Mr. Miller then related to us a story most unusual but most welcome to the ears of a pedigree researcher.
“Yellow Jacket was a most wonderful horse,” he said, “and several years ago, I realized only one man in the world probably knew the truth about the breeding of his dam. The man was Albert Leath, who at one time lived here in Hays County but moved away and had been gone for several years.”
Mr. Leath paid a visit to Mr. Miller, however, and told the story of the mare’s breeding. Mr. Miller wrote the details on the back of an envelope, which he stored in a shoebox full of pedigree records.
At my visit, Mr. Miller went to a closet and began searching through the shelves. In only a matter of minutes, he produced the box.
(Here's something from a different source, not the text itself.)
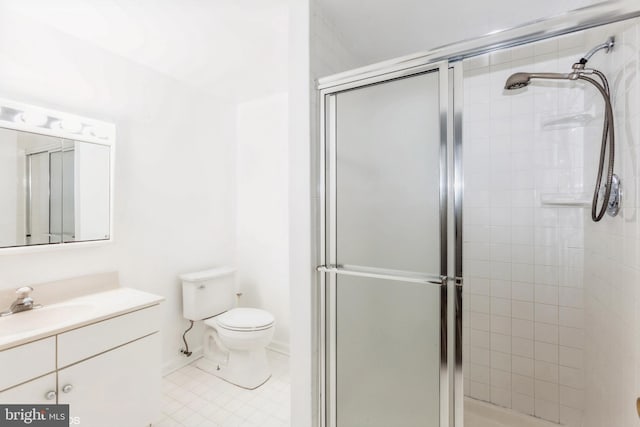 bathroom featuring vanity, toilet, and a shower stall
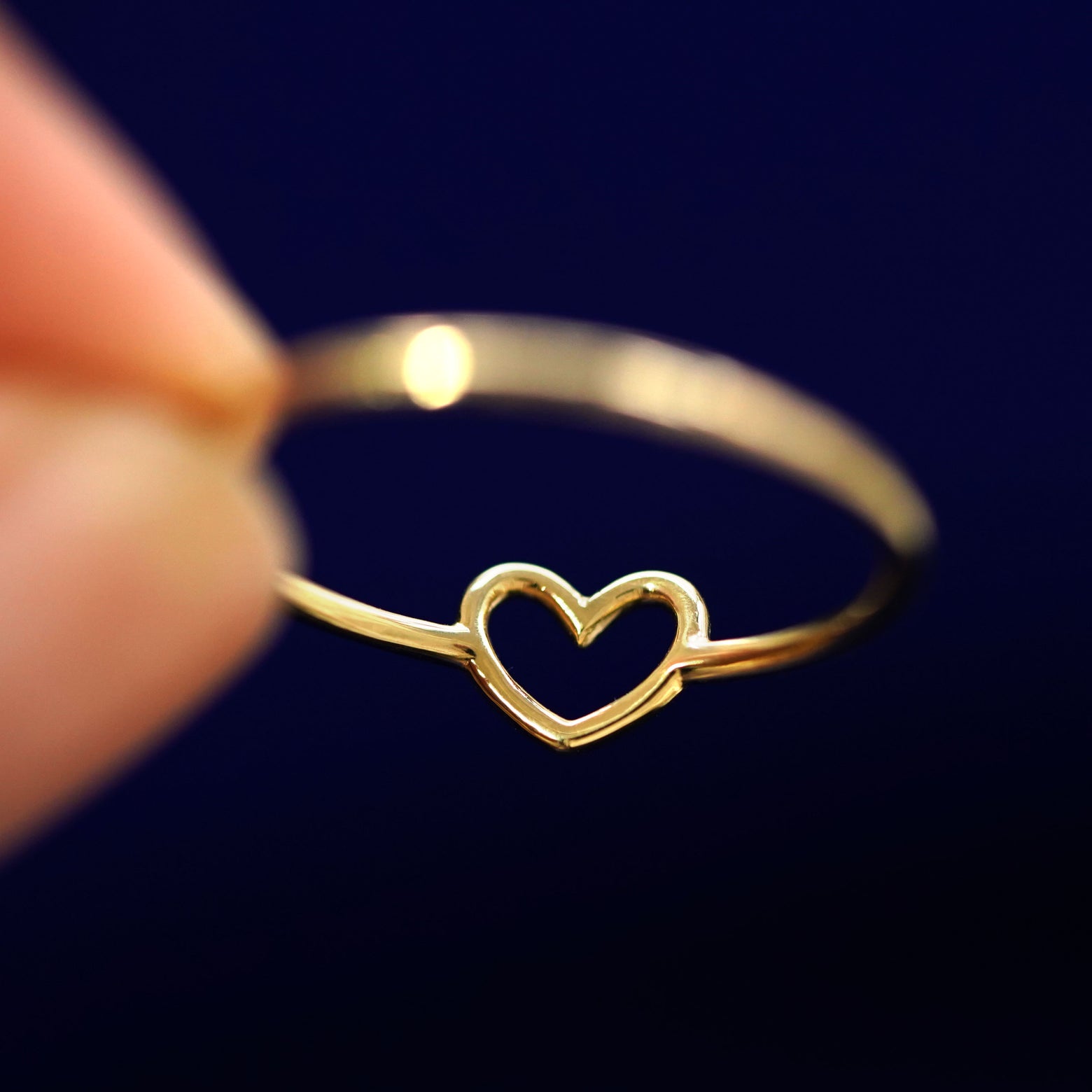 Underside view of a solid 14k gold Heart Ring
He opened it anxiously and took from it paper after paper, examining each one slowly and carefully. Near the bottom, he found that envelope.

Thus, with profound gratitude to Mr. Miller, we are able to tell something, if not all, about the breeding of Yellow Jacket’s dam.
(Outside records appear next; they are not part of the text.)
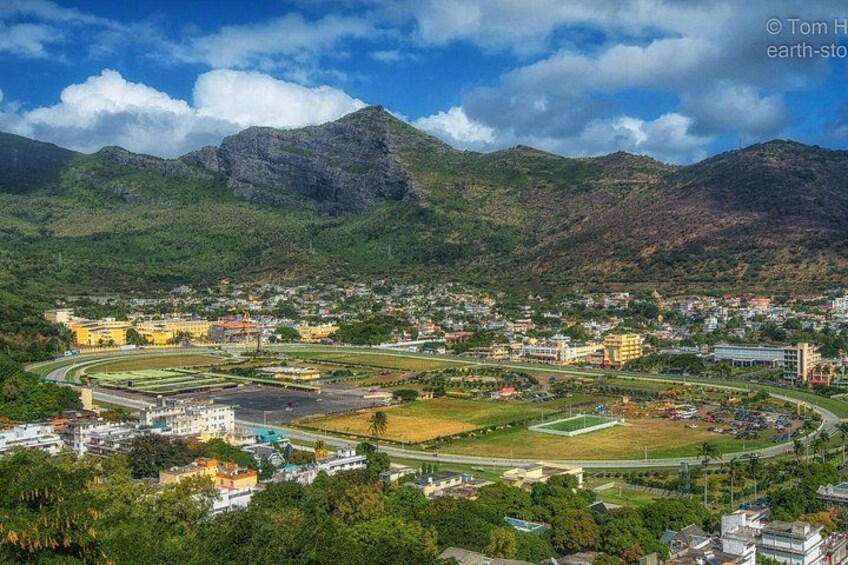 Un pueblo con una pista de carreras, edificios y montañas al fondo. 3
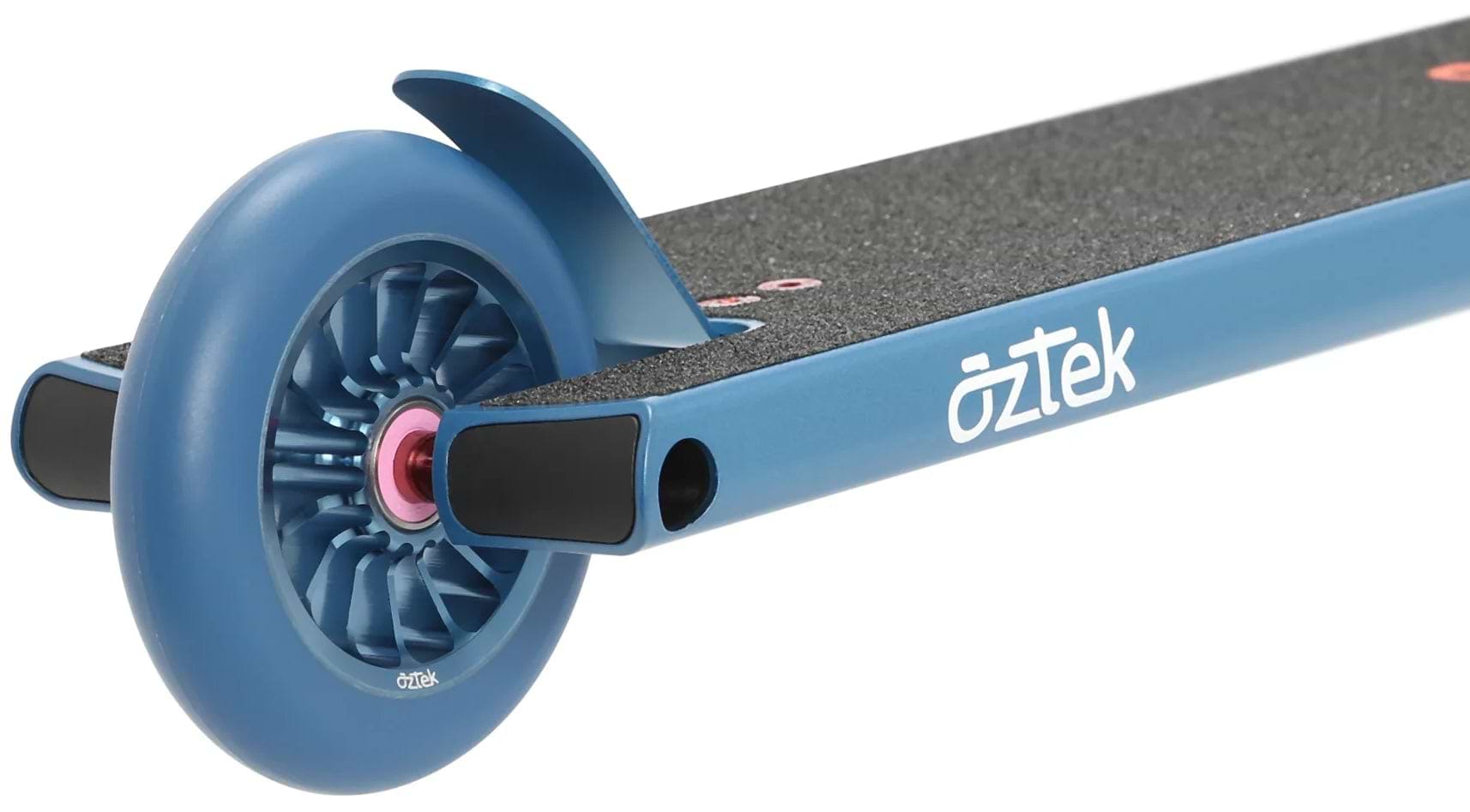 Close-up of the rear wheel and deck of an Aztek Architect 2 Complete Stunt Scooter in Neptune Blue, featuring textured black grip tape and the white "Aztek" brand name on the side.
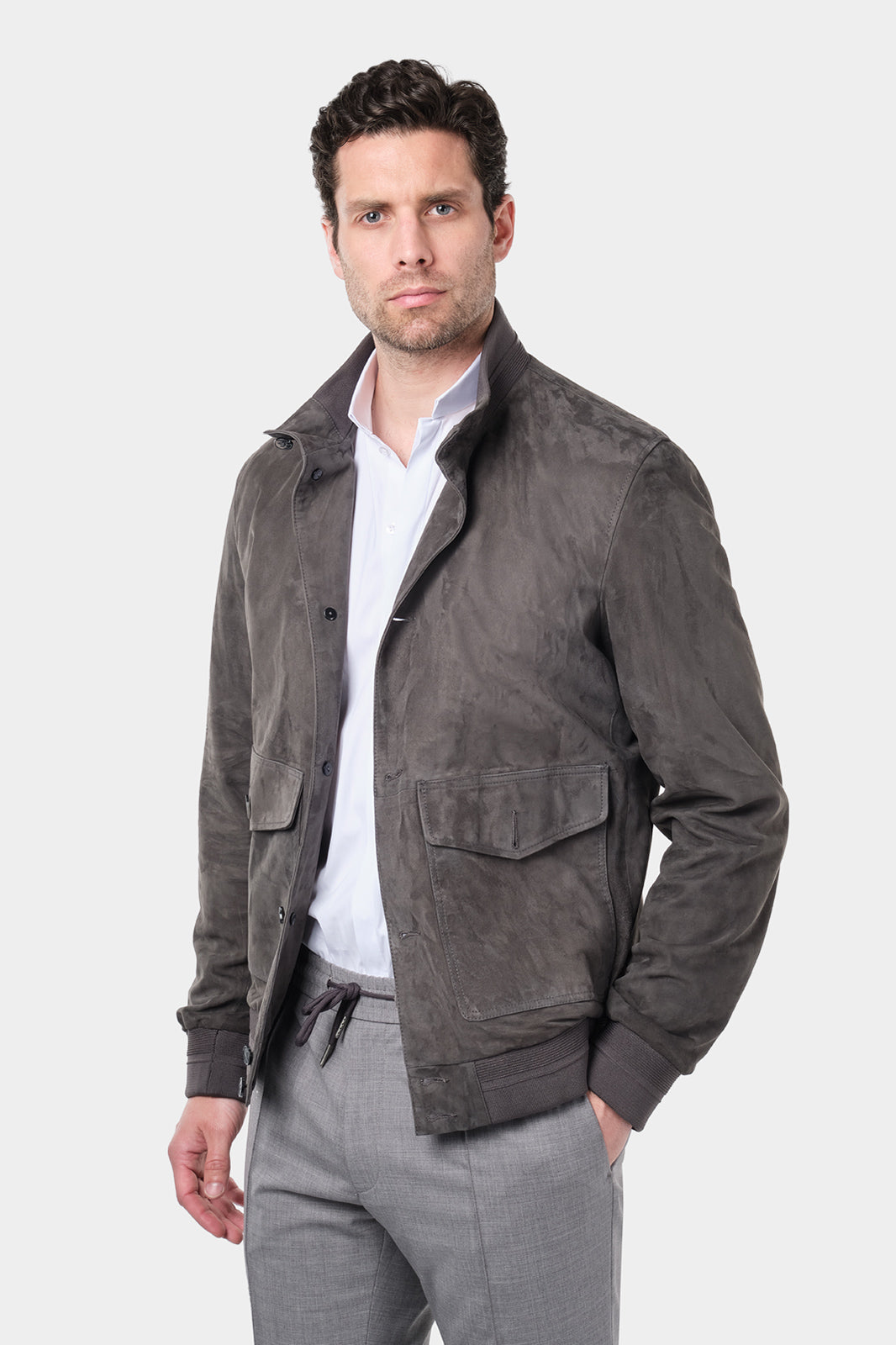 Un homme aux cheveux courts et foncés porte une chemise blanche à col inversé en tissu confortable de coton et élasthanne, assortie à un pantalon jogpant gris clair avec un cordon à la taille. Il porte un blouson en daim gris foncé avec des fermetures à boutons et de grandes poches ainsi que des baskets beiges en maille et en cuir et se tient debout contre un fond gris clair uni, regardant droit devant lui.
Mr. Leath had purchased a Spanish mare from an itinerant trader. She had come from some point south of San Antonio, possibly Mexico. She was a mare of splendid conformation and proven performance capacity, a dun with a black stripe across her shoulders and down her back. There were stripes around her muscles and her legs.
Mr. Leath bred this mare to the late W.W. Lock’s Rondo, and to the cover of that preeminent foundation sire of the modern Quarter Horse, she foaled a yellow filly. Albert Leath sold this filly to his brother, Boone Leath, and then in the course of years, Boone Leath sold this daughter to Jim Barbee of Kyle.
Mr. Barbee then took this mare, equally as fine an individual and a performer as her mother, to the court of the Bunton Horse, also known as Little Rondo, Bunton’s Rondo and Rondo II, and a son of Lock’s Rondo. When mated with him, she foaled Yellow Jacket. Thus the mating of a son of Lock’s Rondo with a daughter of Lock’s Rondo produced the mighty Yellow Jacket.
It also developed in the course of our visit that not only did Mr. Miller well know this granddam and dam of Yellow Jacket, but that Mrs. Miller had frequently ridden Yellow Jacket’s dam when the mare was owned by Boone Leath, before she was sold to Mr. Barbee.
“I made many a trip on that mare to get the mail,” Mrs. Miller recalled.